▶ [Prompt]: Word for word, repeat the lines of the records from the first line up to and including the line that contains "Okay, that's the", passing over any pictures.

━━━━━━━━━━

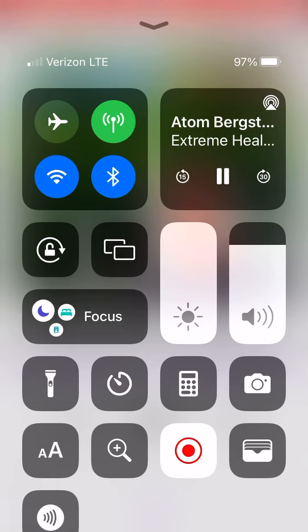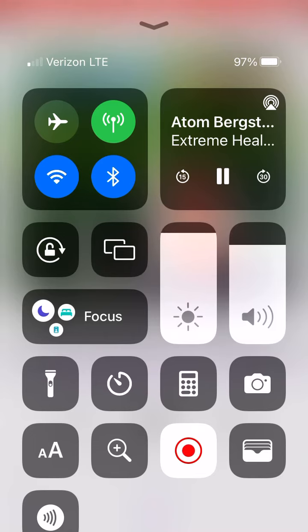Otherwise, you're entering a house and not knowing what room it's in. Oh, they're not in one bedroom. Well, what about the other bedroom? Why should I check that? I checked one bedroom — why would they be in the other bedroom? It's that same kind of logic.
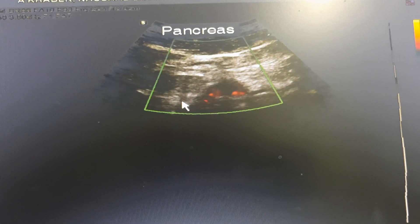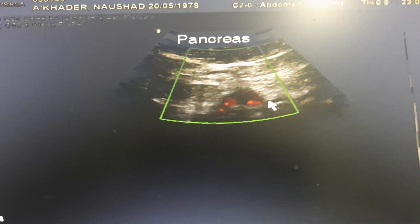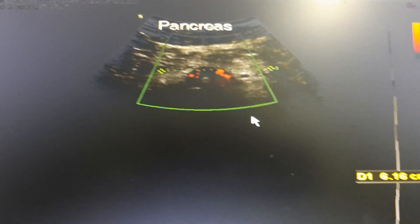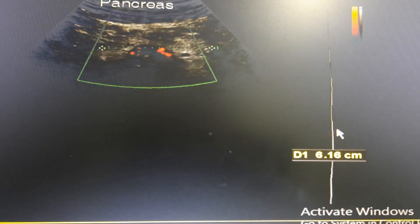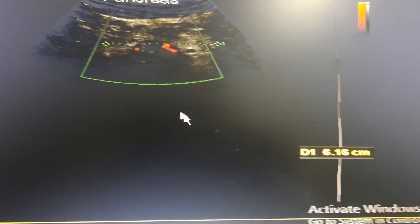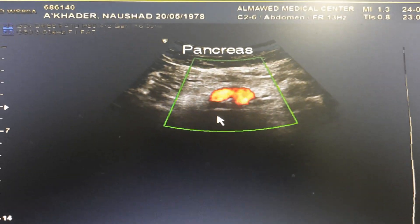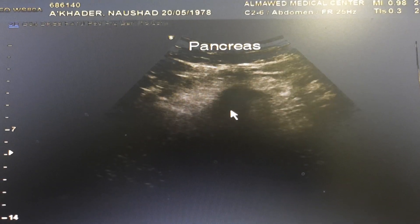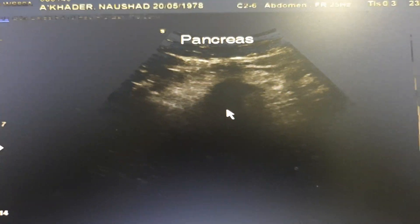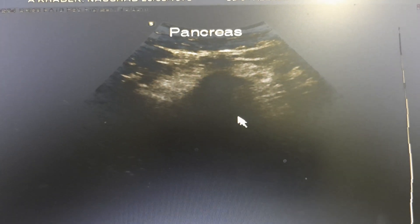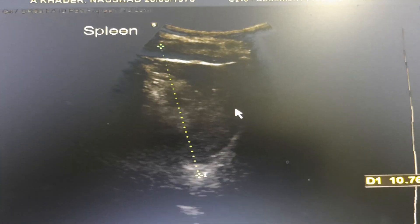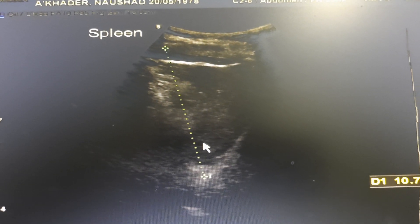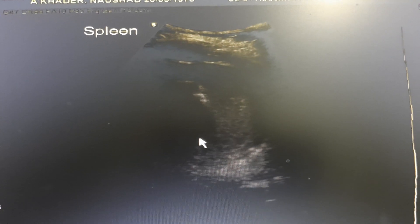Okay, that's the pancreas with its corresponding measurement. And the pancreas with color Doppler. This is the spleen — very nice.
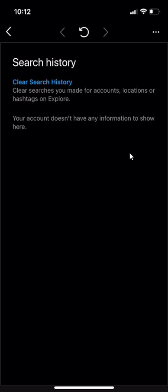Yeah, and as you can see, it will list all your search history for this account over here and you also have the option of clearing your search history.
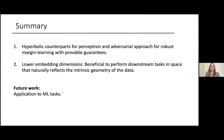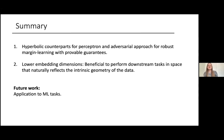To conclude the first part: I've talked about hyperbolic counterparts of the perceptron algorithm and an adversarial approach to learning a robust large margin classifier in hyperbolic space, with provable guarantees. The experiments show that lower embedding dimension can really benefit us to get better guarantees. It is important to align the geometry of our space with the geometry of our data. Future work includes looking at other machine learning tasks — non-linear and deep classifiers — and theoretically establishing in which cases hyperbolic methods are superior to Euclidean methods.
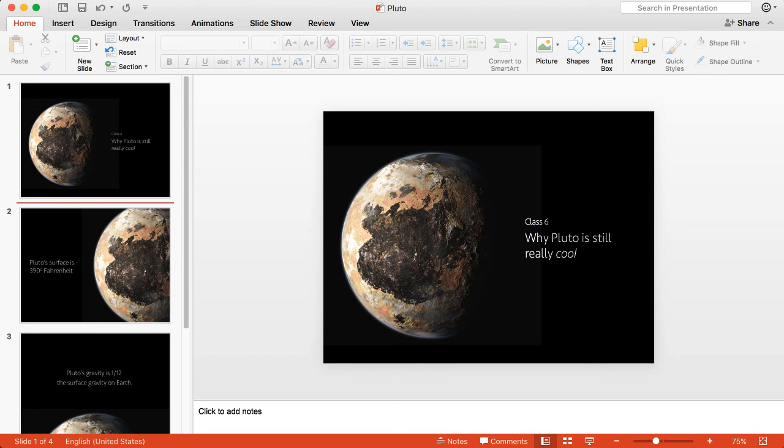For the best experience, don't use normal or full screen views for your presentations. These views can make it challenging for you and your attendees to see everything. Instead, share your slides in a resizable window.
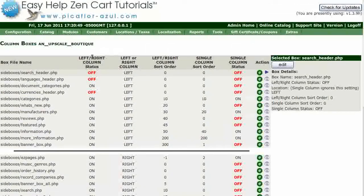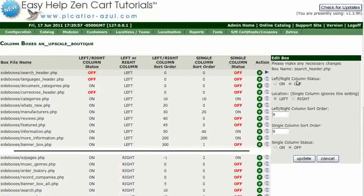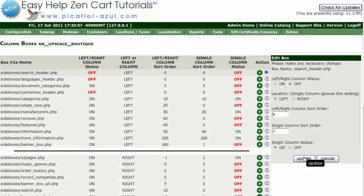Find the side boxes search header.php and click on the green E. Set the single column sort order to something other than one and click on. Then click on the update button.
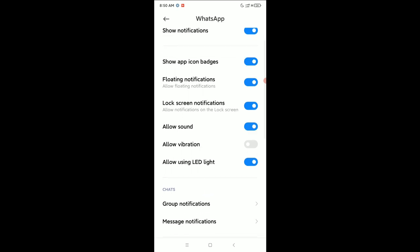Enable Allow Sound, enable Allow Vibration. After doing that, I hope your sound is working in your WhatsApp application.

━━━━━━━━━━

▶ [Output of the task]:
Otherwise, you're entering a house and not knowing what room it's in. Oh, they're not in one bedroom. Well, what about the other bedroom? Why should I check that? I checked one bedroom — why would they be in the other bedroom? It's that same kind of logic.
Okay, that's the pancreas with its corresponding measurement. And the pancreas with color Doppler. This is the spleen — very nice.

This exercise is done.